Her ne olursa olsun, şu çok açık. Devletin, ordunun, rejimin sıradan görülen bu ve benzeri adımları bu alanda bir suskunluğu, siyasetsizliği ve dolayısıyla da çözümsüzlüğü beraberinde getirdi. Sıradanlaşma, kötülüğün yaygınlaşmasındaki başlıca etmenlerden biri olarak varlık gösterdi.
***
Kendisini, yıllar yılı "tevazu ve kanaat" üzerinden anlatan bir cemaat lideri düşünün. "Kulübemi çok seviyordum. Küçük bir yerdi. Uzansam ayaklarım duvara değerdi. Helası lavabosu yoktu. Ellerimi dışarıdaki bir bidondan yıkıyordum. Fakat bu küçük oda, beni doyuracak seviyede hizmet veren yerlerden biri oldu. Çok mütevazı ve sade bir yerdi; fakat daha sonra meydana gelecek nice hizmetlere işte bu oda analık etmişti. Bir han gibi işlerdi orası..." diyen bir cemaat lideri.
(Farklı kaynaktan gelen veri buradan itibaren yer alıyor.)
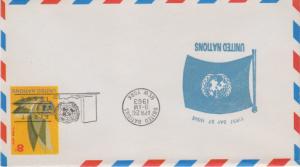 United Nations, First Day Cover, Postal Stationery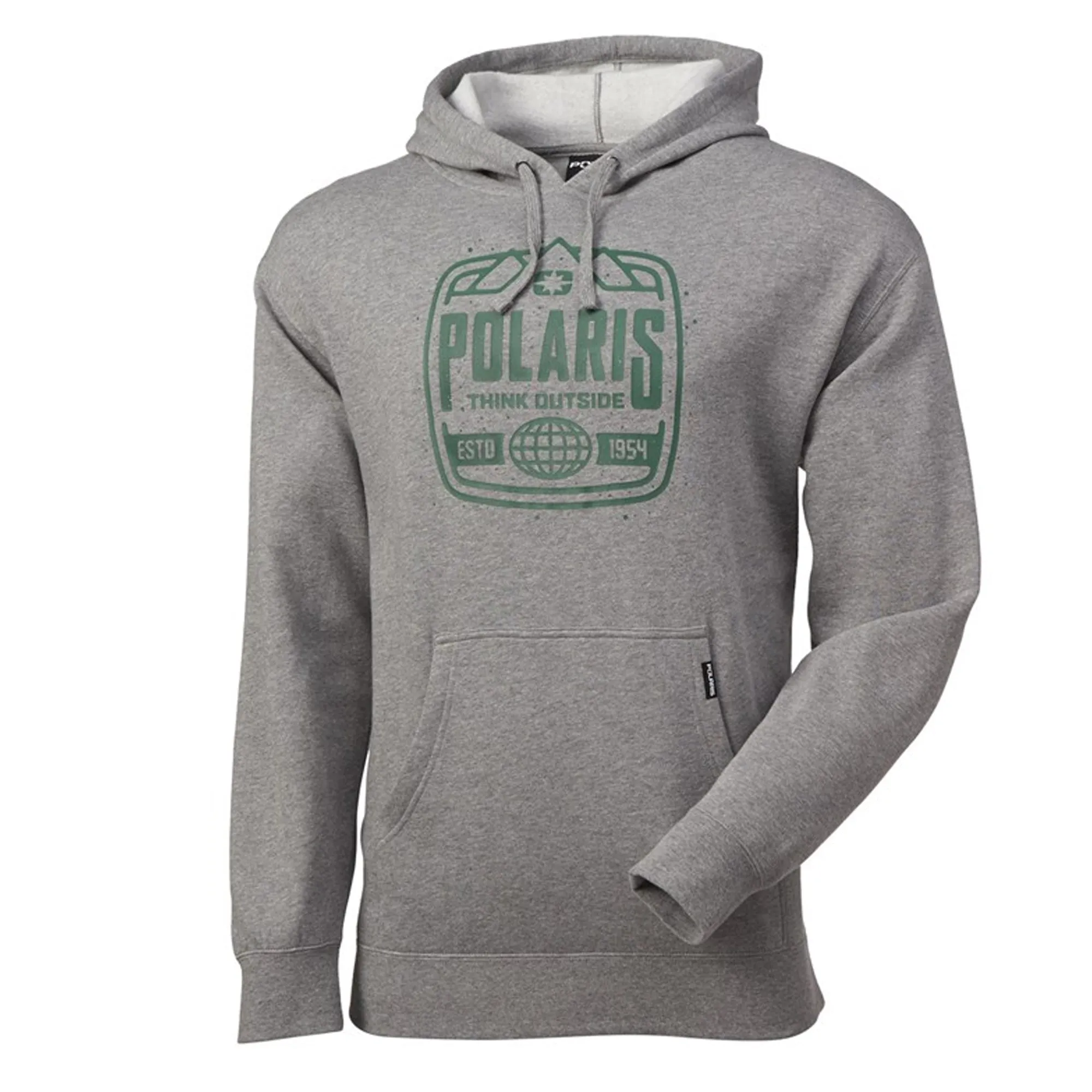 Polaris Stamp Pullover Hoodie Gray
O odanın "han gibi işlemesi" hayret uyandırmasa da, bu cümleleri kuran kişinin bir yandan da "uluslararası bir çıkar ağı"na hükmediyor oluşunun yıllarca hayret uyandırmaması ve geniş kesimlerce kanıksanması çok ağır maliyetler üretmedi mi? Ancak ve ancak bu maliyetlerin farkına varıldıktan sonra siyaset uyandı, normalleşme süreci işletildi.
Bu örnekleri çoğaltabiliriz. Fakat şimdilik şunu söylemekle yetinelim: Hayret ve dikkatini yitiren bir siyaset, normalleşemez. Normalleşme olmadan da ne demokrasi olabilir, ne de özgürleşme!